Die vom Berufungsgericht zugelassene Revision der Beklagten hatte Erfolg und führte zur Aufhebung des Berufungsurteils und zur Zurückverweisung der Sache.

Der für das Reiserecht zuständige X. Zivilsenat hat die Provisionszahlungen an Reisebüros als Aufwendungen des Reiseveranstalters angesehen, die dieser für die Beratung des Reisenden und die Planung der von diesem gebuchten Reise im zeitlichen Zusammenhang mit der Buchung erbringen muss. Die Zahlungen verringern folglich buchungsbezogen die liquiden Mittel des Reiseveranstalters.

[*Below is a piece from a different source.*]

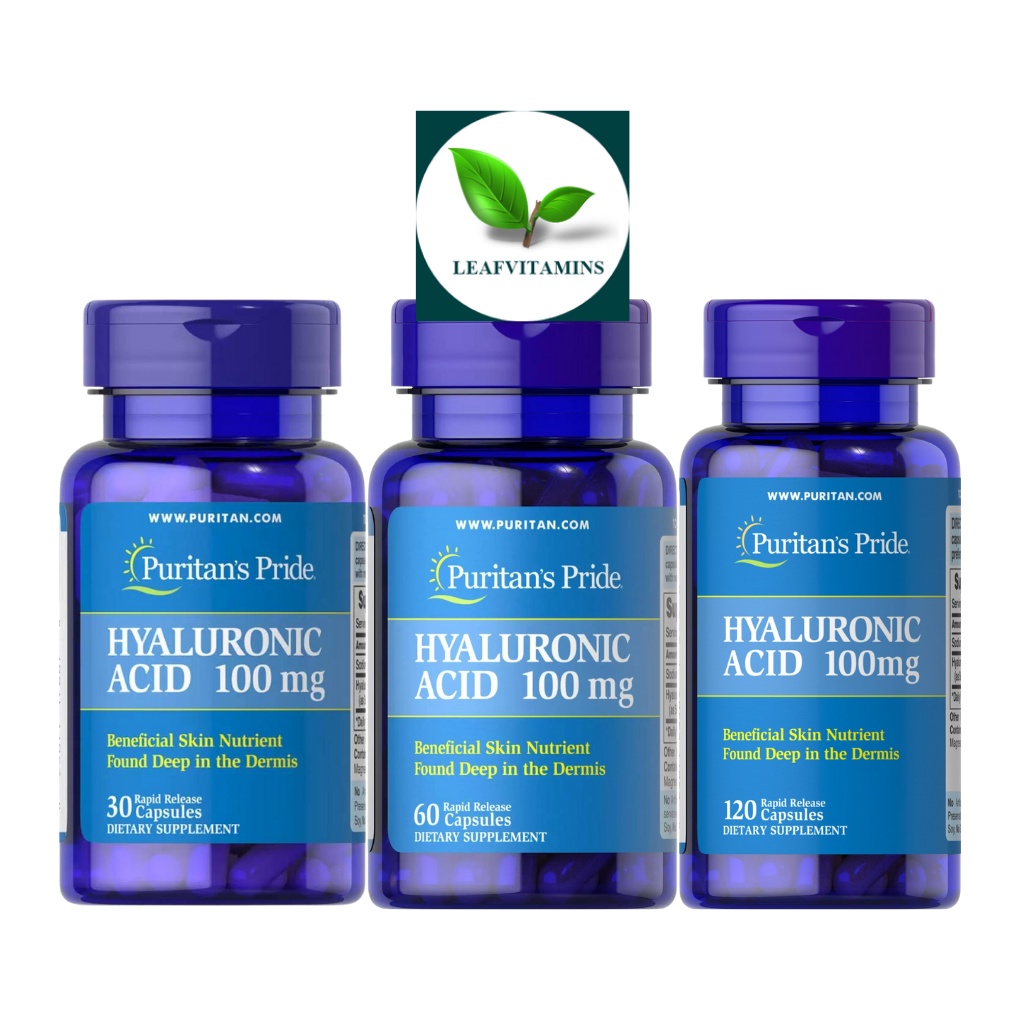 Puritan’s Pride Hyaluronic Acid 100 mg / 30, 60, 120 Capsules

Hinsichtlich der Flugkosten, die die Beklagte nach ihrem Vortrag in etwa 90 % der Reisen vorfinanzieren muss und in etwa 10 % erst bei Durchführung der Reisen bezahlt, hat der Bundesgerichtshof es anders als das Berufungsgericht nicht für erforderlich gehalten, bei der Bemessung der Höhe der Anzahlung zwischen beiden Fällen zu differenzieren. Denn es besteht kein Zusammenhang zwischen Art, Zuschnitt und Qualität der Reiseleistungen, die der Verbraucher bucht, und der Art und Weise, wie die Beklagte die Flugbeförderung finanziert und gegebenenfalls vorfinanziert. Es ist daher nicht zu beanstanden, wenn die Gesamtheit der Vorleistungen der Beklagten für die Flugbeförderung mit einem identischen Prozentsatz des Reisepreises auf die von der Gesamtheit der Reisenden der Kategorien X1-2-Fly und XTUI zu leistenden Anzahlungen umgelegt werden.

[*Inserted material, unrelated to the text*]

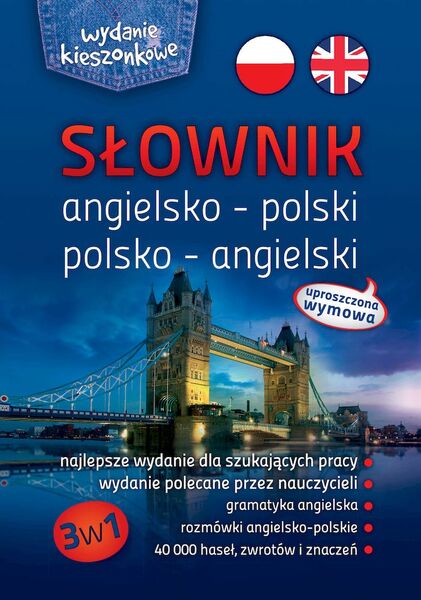 Słownik Kieszonkowy Angielsko Polski, Polsko Angielski Wyd. Kieszonkowe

Hinsichtlich der Vorleistungen, die die Beklagte gegenüber Hotelbetreibern erbringt ("touristische Vorleistungen"), bedarf es noch der Klärung durch das Berufungsgericht, ob zwischen Reisen der Kategorien X1-2-Fly und XTUI und den übrigen von der Beklagten angebotenen Reisen oder innerhalb dieser Kategorien signifikante Unterschiede bei der Höhe der touristischen Vorleistungen bestehen, die es geboten erscheinen lassen, diese bei den Anzahlungen nicht mit einem einheitlichen Prozentsatz vom Reisepreis zu berücksichtigen, sondern insoweit zu differenzieren.